In a recent study investigating facial recognition of happiness among older adults with active and remitted MDD (Shiroma et al. 2016), results showed that depressed veterans 55 years and older had a significantly lower sensitivity to identify happiness at a moderate intensity of facial stimuli compared to their non-depressed counterparts. In the current study, the interaction between Age and Depression Status (i.e., depressed vs. not depressed) was not significant. This was contrary to our expectations, and may be due to the relatively low mean age in our sample, with older participants not as well represented. The median age was 27, which may have weakened the age and ER relationships. Additionally, the majority of our sample did not have a diagnosis of major depression, which could have impacted our results.

There are several reasons why our findings may differ from the previous ER literature. First and foremost, our sample was diagnostically diverse, with comorbid anxiety and mood disorder diagnoses. Other studies that have examined ER and depression typically compare a depressed group to a control group (see Joormann and Gotlib 2006; Yoon et al. 2009), and our sample was entirely clinical. Additionally, we examined relationships dimensionally within a clinical group. A potential reason for why the current dimensional approach was unsuccessful is because our sample did not have severe enough levels of depression to detect differences. Furthermore, comparing a depressed group to a healthy control group is more powered to detect differences than a dimensional approach such as ours, especially if the range of depression symptoms is not wide enough to adequately represent more severe depression cases.

Despite the strengths of our study, including the large clinical sample and focus on dimensional assessment, it is not without limitations. A lack of consistency in the field across ER studies makes results difficult to compare to the previous literature. With prior findings ranging from depression improving ER in negative expressions (Joormann and Gotlib 2006), to depression decreasing ER in happy expressions (Gollan et al. 2008; Yoon et al. 2009), to depression related ER deficits in identifying neutral expressions (Leppänen et al. 2004; Liu et al. 2012), more research is needed. Although this study aimed to measure the effects of depression severity on ER, our mean BDI-II score was in the mild to moderate range, and results are limited by restricted range. Future studies in a sample with more varied and more severe depression could provide new insights. Additionally, the effects of age were small in our study, suggesting the need for a broader age range and larger sample to clarify the effects of age on ER in future work. Next, there were several other variables that we did not measure that could contribute to ER. For example, because the ability to quickly and accurately identify a facial expression may be linked to factors such as confidence, studies examining ER and response confidence could change the way that researchers and professionals interpret social cognition results. If confidence in judgments is low, delayed decision-making and enhanced uncertainty may occur, which could be associated with social withdrawal and isolation common in depression (Fieker et al. 2016).

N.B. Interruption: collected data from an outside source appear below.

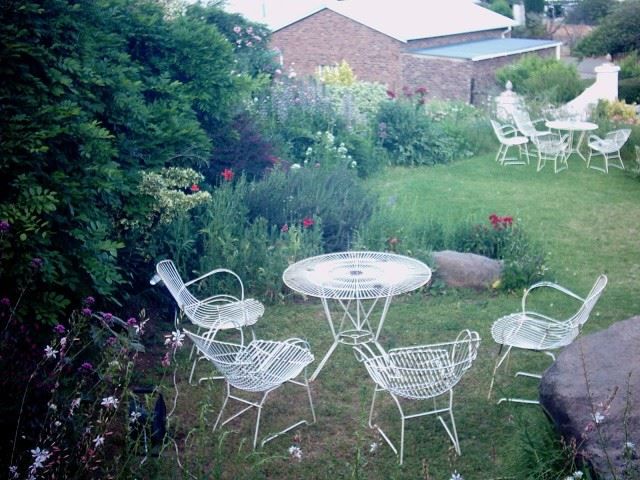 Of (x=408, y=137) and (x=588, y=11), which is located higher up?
(x=588, y=11)

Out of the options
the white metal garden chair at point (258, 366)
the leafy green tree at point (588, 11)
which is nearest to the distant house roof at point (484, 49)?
the leafy green tree at point (588, 11)

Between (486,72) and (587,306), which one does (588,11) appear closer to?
(486,72)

This study builds on existing ER findings through our large and transdiagnostic clinical sample. Conceptualizing depression dimensionally rather than in a binary manner allowed for exploration of individual differences in severity above and below the diagnostic threshold. Our results highlight the importance of considering a variety of factors that may be at play including comorbidity, attention, arousal, and affect at the time of the experiment. More research is needed to clarify baseline ER differences within diverse clinical samples.